After 'having gotten the Jews of Palestine and of elsewhere to do everything that they could, personally and financially, to help Yishuv,' Ben-Gurion's second greatest achievement was his having successfully transformed Haganah from being a clandestine paramilitary organization into a true army. Ben-Gurion appointed Israel Galili to the position of head of the High Command counsel of Haganah and divided Haganah into 6 infantry brigades, numbered 1 to 6, allotting a precise theatre of operation to each one.
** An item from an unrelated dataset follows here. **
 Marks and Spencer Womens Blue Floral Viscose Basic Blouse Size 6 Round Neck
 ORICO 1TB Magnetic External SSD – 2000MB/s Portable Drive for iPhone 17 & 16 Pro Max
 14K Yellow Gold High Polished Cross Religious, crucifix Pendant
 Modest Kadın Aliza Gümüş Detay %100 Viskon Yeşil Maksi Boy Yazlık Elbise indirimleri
Yaakov Dori was named Chief of Staff. Yigael Yadin assumed the responsibility on the ground as chief of Operations. Palmach, commanded by Yigal Allon, was divided into 3 elite brigades, numbered 10–12, and constituted the mobile force of Haganah. Ben-Gurion's attempts to retain personal control over the newly formed IDF lead later in July to The Generals' Revolt.

On 19 November 1947, obligatory conscription was instituted for all men and women aged between 17 and 25. By end of March 21,000 people had been conscripted. On 30 March the call-up was extended to men and single women aged between 26 and 35. Five days later a General Mobilization order was issued for all men under 40.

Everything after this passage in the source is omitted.